# The "Newbie" Bible



## ghd314 (May 27, 2008)

I hate the term newbie...

Anyway, i'm a realtively new user to the forum, and it's fairly obvious that there's a lot of "us" about. I've noticed that there's also a lot of posts from new members who, if they bothered to spend an hour reading some of the stickies or threads, would be able to answer their own questions.

What I was wondering was would it be feasible to put together some sort of beginner's booklet type downloadable word document which would contain the basics on diet/routines/goals/equipement/calculating calorie intake etc. with the hope that a new member would know to post their current diet/routine/goals/required calorie intake and help the more experienced members answer their questions sooner.

Or maybe not, just a thought.


----------



## duffman16 (Mar 30, 2008)

reckon this would be good, save a lot of wasted time for everyone


----------



## cellaratt (Jul 16, 2008)

While I like the way you think and it probably would be helpful, let's not forget the benefits of asking questions...It makes the thinkers, think, and the learner's wanna learn...I don't believe there is a end all to be all for this activity...But we could always take great stickies we already have and put them into some kind of welcome package...?


----------



## The Chauffeur (Dec 3, 2007)

gets my vote


----------



## Guest (Jun 12, 2008)

aye word document or a pdf file would be great

the official uk-m guide

im sure we can all contribute in terms of contents

loosing weight/gaining weight

and then perhaps one for training, could mix and match a couple of stickies to forge a good bible im sure

all 'getting started' of course, we dont want too much info, one for file size and two because if people want to know more thats when the questions come handy


----------



## The Animal (Jul 15, 2008)

Every one has a different opinion.

When you read the stickies, you only get one person's opinion. (Albeit an educated one)

Asking questions is a fantastic way to learn.

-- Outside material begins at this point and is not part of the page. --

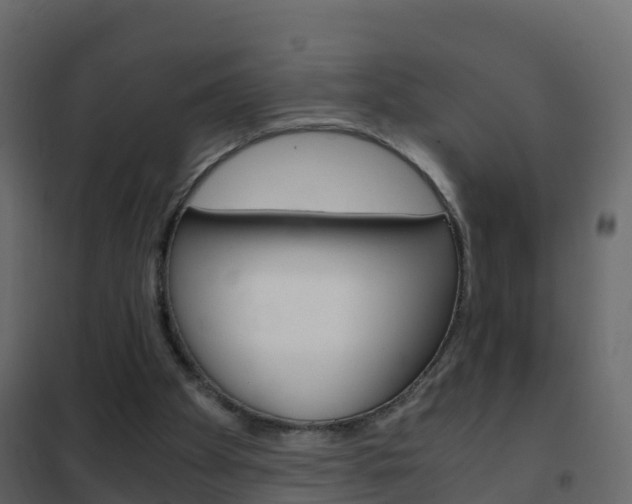 X0000102480105200808081042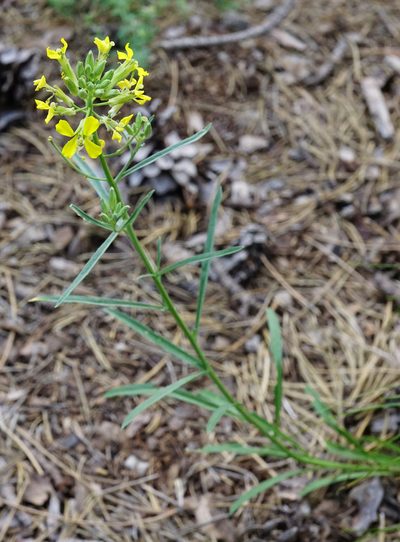 Erysimum andrzejowskianum, photographed by Patrick Hacker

I disagree with this idea.


----------



## Geo (Apr 3, 2007)

All that needs to be done is one thread like "Newbie Bible" and just hyper link all the relevant sticky's that guys have taken time to sit and write out regarding diet, training, gear, etc. all in one thread. With one click to each section.

Geo


----------



## Paul1436114510 (Jan 18, 2006)

Alot of people cant be bothered to read long things and prefer to ask questions relating directly to their circumstances, i think if there was a "newbie guide" then it would have to cover too much and yet be so simple to read beacuse otherwise people wouldnt even look at it.


----------



## launish116 (Jun 15, 2009)

New to the forum myself,the problem is there are to many opinions, when you read one thing quite often some contradicts that in a following thread/post and your not sure what to believe


----------



## Big Gunz (Jun 9, 2009)

launish116 said:


> New to the forum myself,the problem is there are to many opinions, when you read one thing quite often some contradicts that in a following thread/post and your not sure what to believe


Thats what Bodybuilding is all about mate. Everybody is different and responds to things differenty so thats why there are so many views. Best thin to do is pick out the most popular things that work for people and give them a try, if they don't work, seek for more relevant information.


----------



## hamsternuts (Feb 8, 2009)

i think it's a good idea, true, there are many different opinions about stuff, but the basics are pretty uniform aren't they?


----------



## Stupeo (Apr 28, 2009)

Sorry for digging up old posts, but i think this would be a very good idea. There is so much information on here.


----------



## ste2103 (Aug 13, 2009)

i think its a good idea but at the same time, is that not what a forum is all about?


----------